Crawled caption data
——————————
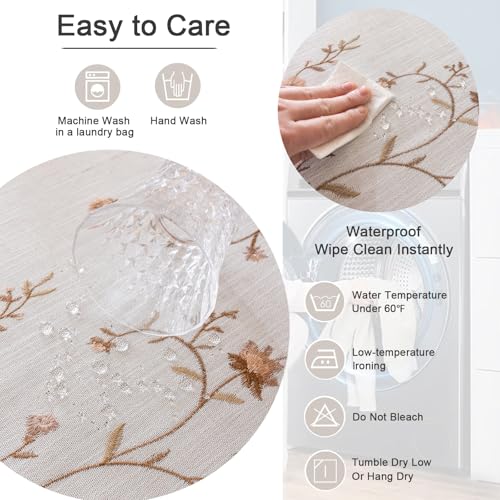 Joyfol Day Linen Waterproof Tablecloth with Tassels, Rustic Farmhouse Flowers Embroidery Table Cloths for Rectangle Tables, Heavy Weight Spill-Proof Table Covers, Coffee Florals, 55''x 102'' - color: Coffee Florals, size: 102" x 55" (Rectangular)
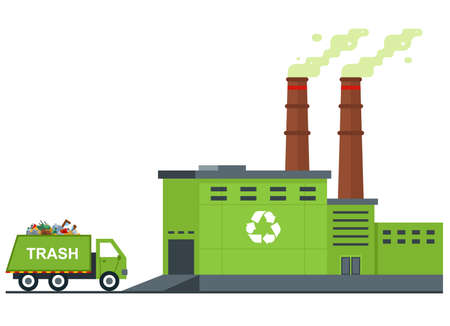 garbage processing plant. garbage truck rides with waste. flat vector illustration.のイラスト素材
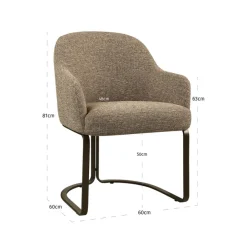 Richmond Interiors Eetkamerstoel Hadley bruin tweed fire retardant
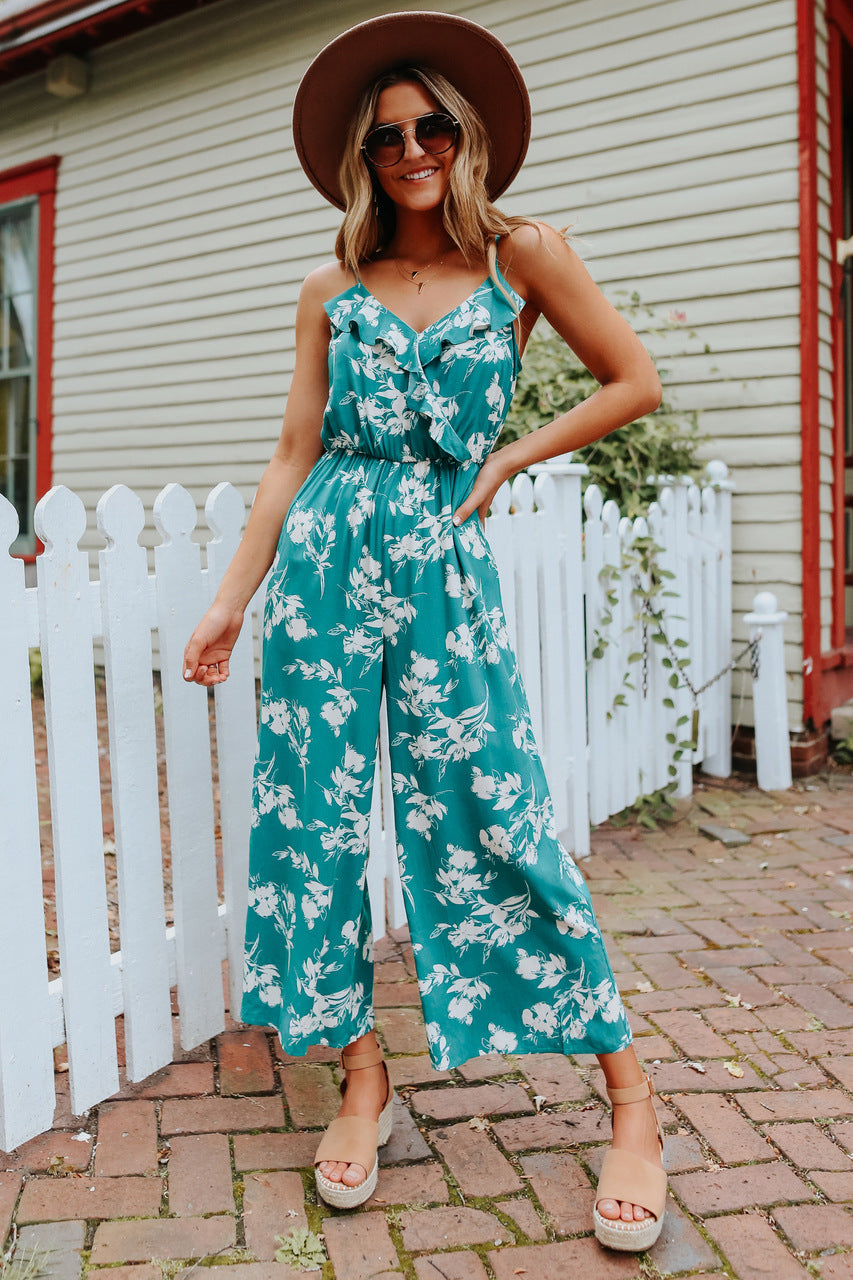 Perfect Floral Sleeveless Wide-Leg Jumpsuit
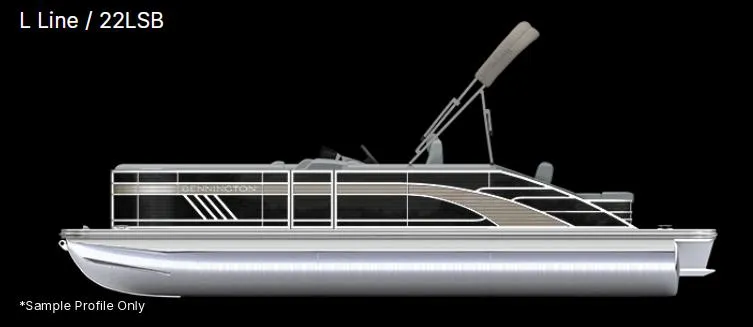 The Image of 2023 Bennington 22 LSB pontoon boat, side profile view. - 1
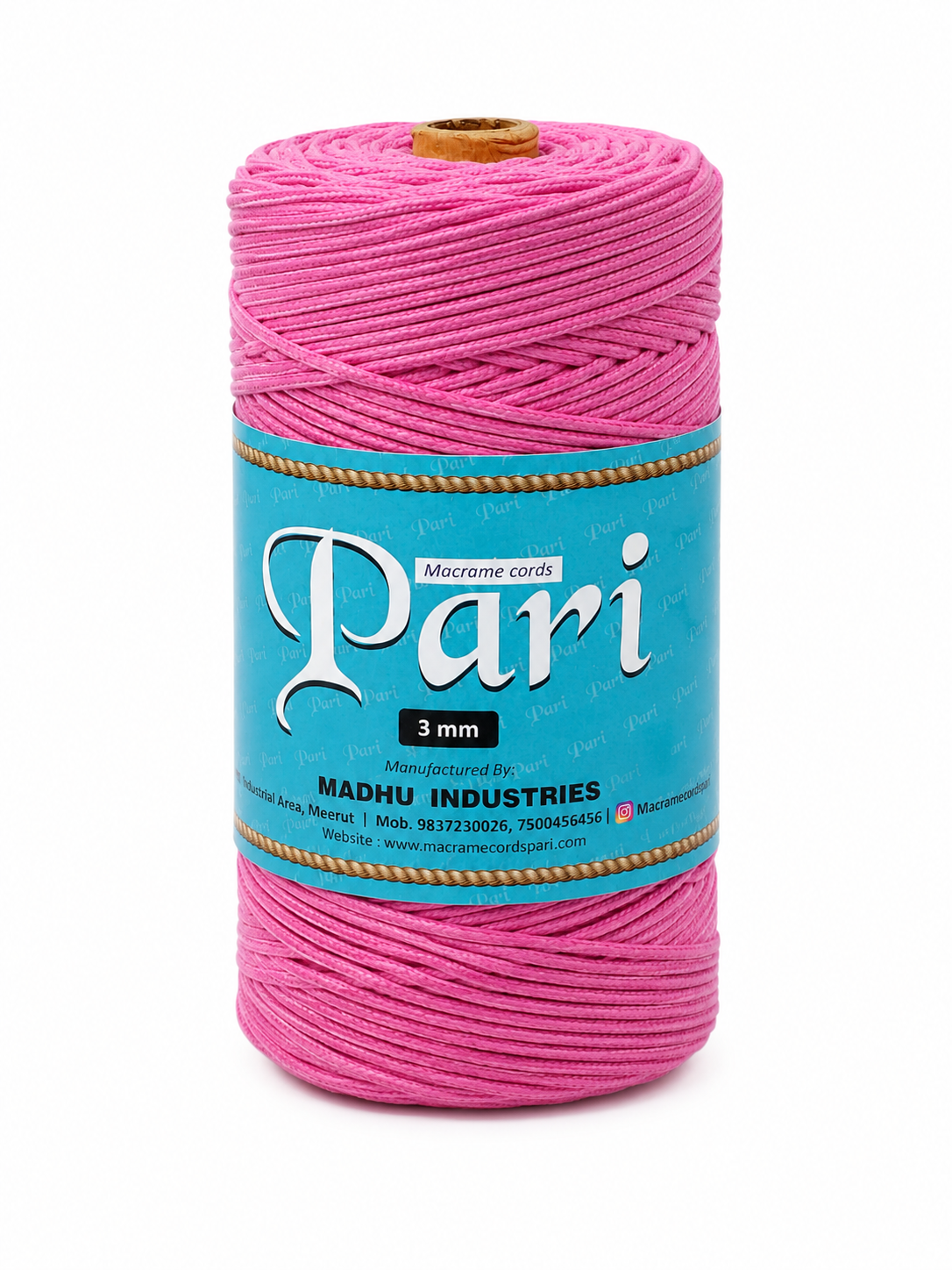 3mm Braided Polyester Outside Cotton Inside | Pink | 200-250 Metres | 1kg Spool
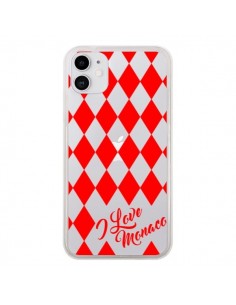 Coque iPhone 11 I Love Monaco et Losange Rouge - Nico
——————————
Prompt>
An exact restatement of the lines from the one holding "garbage processing plant." through the end of the entries, both ends included, is the whole answer. Pictures stay out.

Answer box>
 garbage processing plant. garbage truck rides with waste. flat vector illustration.のイラスト素材
 Richmond Interiors Eetkamerstoel Hadley bruin tweed fire retardant
 Perfect Floral Sleeveless Wide-Leg Jumpsuit
 The Image of 2023 Bennington 22 LSB pontoon boat, side profile view. - 1
 3mm Braided Polyester Outside Cotton Inside | Pink | 200-250 Metres | 1kg Spool
 Coque iPhone 11 I Love Monaco et Losange Rouge - Nico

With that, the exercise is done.